**** Material shown ****
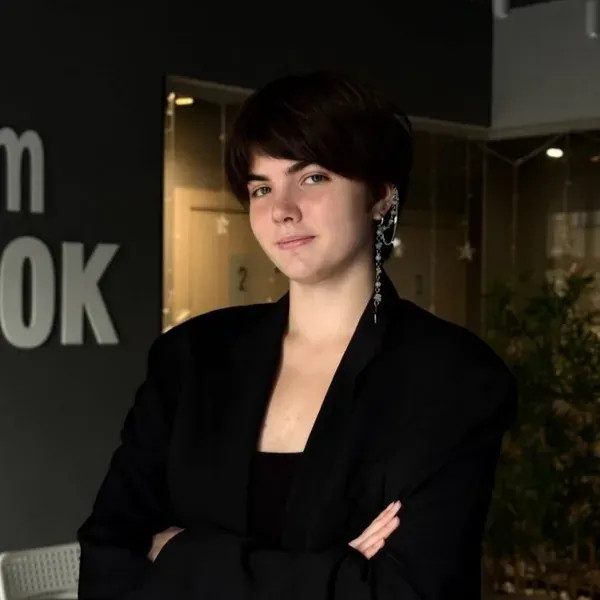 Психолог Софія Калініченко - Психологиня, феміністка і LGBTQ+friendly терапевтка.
****
**** Material shown ****
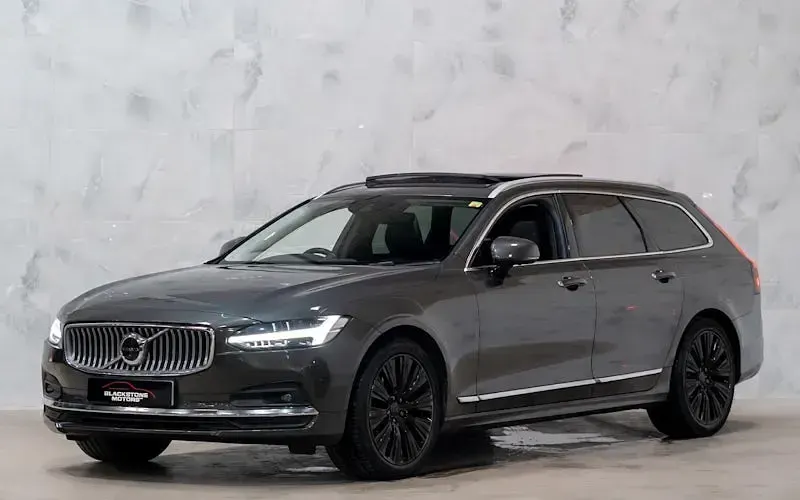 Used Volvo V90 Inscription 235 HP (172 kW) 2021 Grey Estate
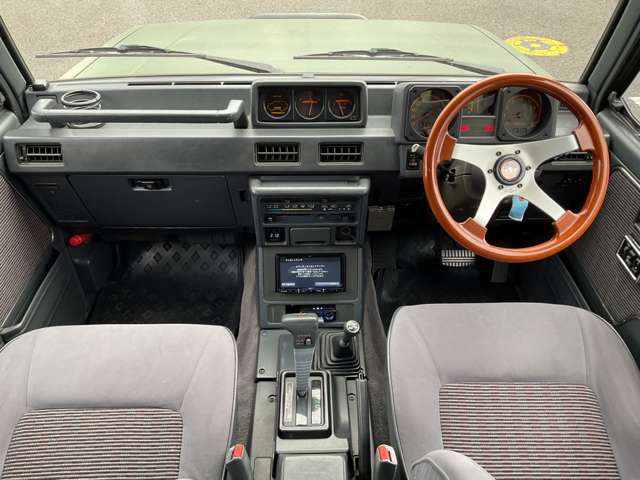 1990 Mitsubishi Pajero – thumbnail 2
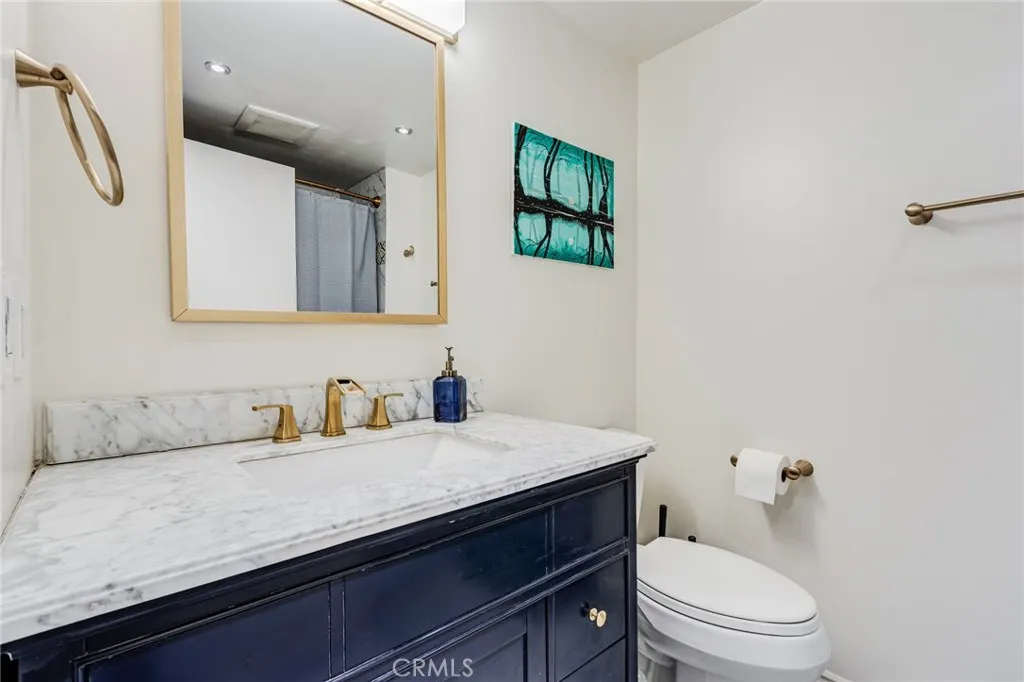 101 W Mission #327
****
**** Material shown ****
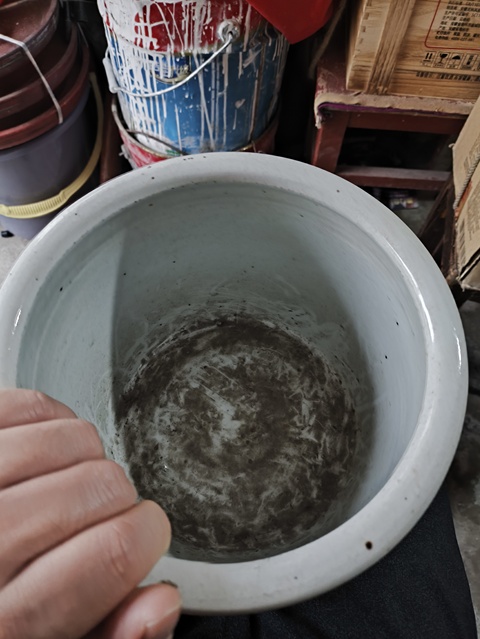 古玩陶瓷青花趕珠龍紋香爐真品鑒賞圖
****
◆ Exercise aim
Leaving each picture behind, please give again exactly the lines above from the one with "1990 Mitsubishi Pajero – thumbnail 2" through the one with "101 W Mission #327", both included, and no others.

◆ Your response
 1990 Mitsubishi Pajero – thumbnail 2
 101 W Mission #327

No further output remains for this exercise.